Electron spin states in semiconductor chips and superconducting microwave electronics represent two leading platforms for emerging quantum technologies in the solid-state. Spins benefit from their atomic size and ultra-long coherence times, whilst superconducting microwave circuits are easy to manufacture and respond quickly to external stimuli. Both systems are considered front-running candidates for implementing large-scale quantum computers. I will present some of our key recent developments in both platforms, from demonstrating techniques to aid in the scaling of spin-based quantum processors [1,2], to new superconducting microwave amplifiers operating at the quantum noise limit [3]. I’ll also discuss what can be achieved when these two systems are brought together to form novel spin-superconductor hybrid devices with applications in spin resonance spectroscopy [4,5].

[1] E. Vahapoglu, J. Slack-Smith, R. Leon, W. Lim, F. Hudson, T. Day, T. Tanttu, C. Yang, A. Laucht, A. Dzurak, J. J. Pla, Science Advances, eabg9158 (2021).
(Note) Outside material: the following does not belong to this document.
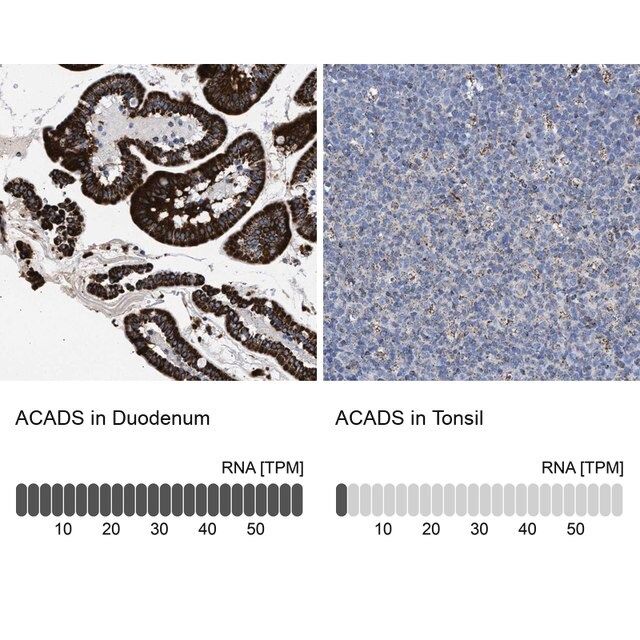 Anti-ACADS antibody produced in rabbit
[2] E. Vahapoglu, J. P. Slack-Smith, R. C. C. Leon, W. H. Lim, F. E. Hudson, T. Day, J. D. Cifuentes, T. Tanttu, C. H. Yang, A. Saraiva, N. V. Abrosimov, H. -J. Pohl, M. L. W. Thewalt, A. Laucht, A. S. Dzurak, J. J. Pla, arXiv:2107.14622 (2021).

[3] D. J. Parker, M. Savytskyi, W. Vine, A. Laucht, T. Duty, A. Morello, A. L. Grimsmo, J. J. Pla, arXiv:2108.10471 (2021).
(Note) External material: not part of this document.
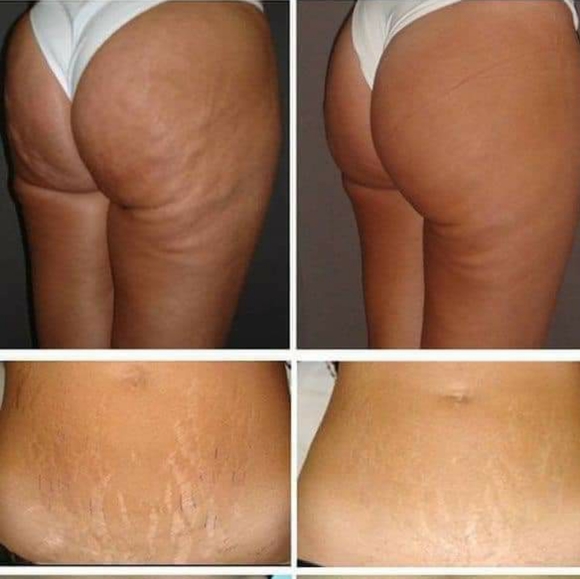 Dermatic Effects Cellulite Cream - Picture 6 of 6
[4] A. Bienfait, J. J. Pla, Y. Kubo, X. Zhou, M. Stern, C. C. Lo, C. D. Weis, T. Schenkel, D. Vion, D. Esteve, J. J. L. Morton & P. Bertet, Nature 531, 74–77 (2016).

[5] A. Bienfait, J. J. Pla, Y. Kubo, M. Stern, X. Zhou, C. C. Lo, C. D. Weis, T. Schenkel, M. L. W. Thewalt, D. Vion, D. Esteve, B. Julsgaard, K. Mølmer, J. J. L. Morton & P. Bertet, Nature Nanotechnology 11, 253–257 (2016).